- [Exercise materials]:

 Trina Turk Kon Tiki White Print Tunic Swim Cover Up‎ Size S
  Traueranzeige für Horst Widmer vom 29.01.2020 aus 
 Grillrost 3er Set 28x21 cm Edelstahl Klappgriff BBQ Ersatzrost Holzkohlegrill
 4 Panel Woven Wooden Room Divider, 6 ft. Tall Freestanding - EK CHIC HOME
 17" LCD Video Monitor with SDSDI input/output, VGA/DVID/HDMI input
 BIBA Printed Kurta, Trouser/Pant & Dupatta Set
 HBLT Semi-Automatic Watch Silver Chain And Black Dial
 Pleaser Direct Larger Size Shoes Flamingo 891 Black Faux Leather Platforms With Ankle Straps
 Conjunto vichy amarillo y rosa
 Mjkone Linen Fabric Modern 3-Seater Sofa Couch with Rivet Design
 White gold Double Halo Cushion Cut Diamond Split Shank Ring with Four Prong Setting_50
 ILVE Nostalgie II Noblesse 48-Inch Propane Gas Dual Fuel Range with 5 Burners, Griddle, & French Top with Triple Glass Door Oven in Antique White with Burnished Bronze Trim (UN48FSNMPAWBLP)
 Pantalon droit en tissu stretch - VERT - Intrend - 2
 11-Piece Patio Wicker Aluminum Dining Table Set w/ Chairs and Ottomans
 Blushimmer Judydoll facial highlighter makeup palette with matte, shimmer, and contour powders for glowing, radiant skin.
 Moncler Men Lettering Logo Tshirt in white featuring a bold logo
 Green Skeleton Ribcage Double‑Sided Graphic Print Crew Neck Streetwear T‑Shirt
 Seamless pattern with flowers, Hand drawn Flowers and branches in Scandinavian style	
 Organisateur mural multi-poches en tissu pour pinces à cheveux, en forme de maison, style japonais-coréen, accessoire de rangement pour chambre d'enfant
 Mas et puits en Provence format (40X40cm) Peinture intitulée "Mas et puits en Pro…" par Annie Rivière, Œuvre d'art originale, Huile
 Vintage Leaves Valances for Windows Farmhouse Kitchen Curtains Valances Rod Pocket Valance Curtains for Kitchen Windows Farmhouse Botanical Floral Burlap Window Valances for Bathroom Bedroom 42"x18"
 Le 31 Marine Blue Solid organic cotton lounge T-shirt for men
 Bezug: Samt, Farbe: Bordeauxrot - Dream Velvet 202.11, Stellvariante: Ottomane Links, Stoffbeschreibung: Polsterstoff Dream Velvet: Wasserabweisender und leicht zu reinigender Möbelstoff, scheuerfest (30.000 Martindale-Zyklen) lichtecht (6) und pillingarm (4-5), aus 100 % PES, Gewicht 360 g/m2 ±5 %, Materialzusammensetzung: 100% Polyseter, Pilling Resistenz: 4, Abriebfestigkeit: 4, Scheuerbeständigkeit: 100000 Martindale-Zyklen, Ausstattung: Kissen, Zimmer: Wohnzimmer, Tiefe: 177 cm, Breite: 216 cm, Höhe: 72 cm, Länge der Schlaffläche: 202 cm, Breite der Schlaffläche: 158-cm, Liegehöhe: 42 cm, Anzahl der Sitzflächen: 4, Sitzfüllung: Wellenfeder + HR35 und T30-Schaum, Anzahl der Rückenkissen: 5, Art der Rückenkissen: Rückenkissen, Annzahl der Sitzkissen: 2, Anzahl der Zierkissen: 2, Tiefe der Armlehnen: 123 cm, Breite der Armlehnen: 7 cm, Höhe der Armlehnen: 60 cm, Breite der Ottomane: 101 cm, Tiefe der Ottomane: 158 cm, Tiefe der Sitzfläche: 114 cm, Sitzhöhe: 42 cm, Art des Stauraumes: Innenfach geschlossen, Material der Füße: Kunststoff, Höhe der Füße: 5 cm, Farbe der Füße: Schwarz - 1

- [Problem details]: Recreate the full listing above precisely.

- [Task solution]:
 Trina Turk Kon Tiki White Print Tunic Swim Cover Up‎ Size S
  Traueranzeige für Horst Widmer vom 29.01.2020 aus 
 Grillrost 3er Set 28x21 cm Edelstahl Klappgriff BBQ Ersatzrost Holzkohlegrill
 4 Panel Woven Wooden Room Divider, 6 ft. Tall Freestanding - EK CHIC HOME
 17" LCD Video Monitor with SDSDI input/output, VGA/DVID/HDMI input
 BIBA Printed Kurta, Trouser/Pant & Dupatta Set
 HBLT Semi-Automatic Watch Silver Chain And Black Dial
 Pleaser Direct Larger Size Shoes Flamingo 891 Black Faux Leather Platforms With Ankle Straps
 Conjunto vichy amarillo y rosa
 Mjkone Linen Fabric Modern 3-Seater Sofa Couch with Rivet Design
 White gold Double Halo Cushion Cut Diamond Split Shank Ring with Four Prong Setting_50
 ILVE Nostalgie II Noblesse 48-Inch Propane Gas Dual Fuel Range with 5 Burners, Griddle, & French Top with Triple Glass Door Oven in Antique White with Burnished Bronze Trim (UN48FSNMPAWBLP)
 Pantalon droit en tissu stretch - VERT - Intrend - 2
 11-Piece Patio Wicker Aluminum Dining Table Set w/ Chairs and Ottomans
 Blushimmer Judydoll facial highlighter makeup palette with matte, shimmer, and contour powders for glowing, radiant skin.
 Moncler Men Lettering Logo Tshirt in white featuring a bold logo
 Green Skeleton Ribcage Double‑Sided Graphic Print Crew Neck Streetwear T‑Shirt
 Seamless pattern with flowers, Hand drawn Flowers and branches in Scandinavian style	
 Organisateur mural multi-poches en tissu pour pinces à cheveux, en forme de maison, style japonais-coréen, accessoire de rangement pour chambre d'enfant
 Mas et puits en Provence format (40X40cm) Peinture intitulée "Mas et puits en Pro…" par Annie Rivière, Œuvre d'art originale, Huile
 Vintage Leaves Valances for Windows Farmhouse Kitchen Curtains Valances Rod Pocket Valance Curtains for Kitchen Windows Farmhouse Botanical Floral Burlap Window Valances for Bathroom Bedroom 42"x18"
 Le 31 Marine Blue Solid organic cotton lounge T-shirt for men
 Bezug: Samt, Farbe: Bordeauxrot - Dream Velvet 202.11, Stellvariante: Ottomane Links, Stoffbeschreibung: Polsterstoff Dream Velvet: Wasserabweisender und leicht zu reinigender Möbelstoff, scheuerfest (30.000 Martindale-Zyklen) lichtecht (6) und pillingarm (4-5), aus 100 % PES, Gewicht 360 g/m2 ±5 %, Materialzusammensetzung: 100% Polyseter, Pilling Resistenz: 4, Abriebfestigkeit: 4, Scheuerbeständigkeit: 100000 Martindale-Zyklen, Ausstattung: Kissen, Zimmer: Wohnzimmer, Tiefe: 177 cm, Breite: 216 cm, Höhe: 72 cm, Länge der Schlaffläche: 202 cm, Breite der Schlaffläche: 158-cm, Liegehöhe: 42 cm, Anzahl der Sitzflächen: 4, Sitzfüllung: Wellenfeder + HR35 und T30-Schaum, Anzahl der Rückenkissen: 5, Art der Rückenkissen: Rückenkissen, Annzahl der Sitzkissen: 2, Anzahl der Zierkissen: 2, Tiefe der Armlehnen: 123 cm, Breite der Armlehnen: 7 cm, Höhe der Armlehnen: 60 cm, Breite der Ottomane: 101 cm, Tiefe der Ottomane: 158 cm, Tiefe der Sitzfläche: 114 cm, Sitzhöhe: 42 cm, Art des Stauraumes: Innenfach geschlossen, Material der Füße: Kunststoff, Höhe der Füße: 5 cm, Farbe der Füße: Schwarz - 1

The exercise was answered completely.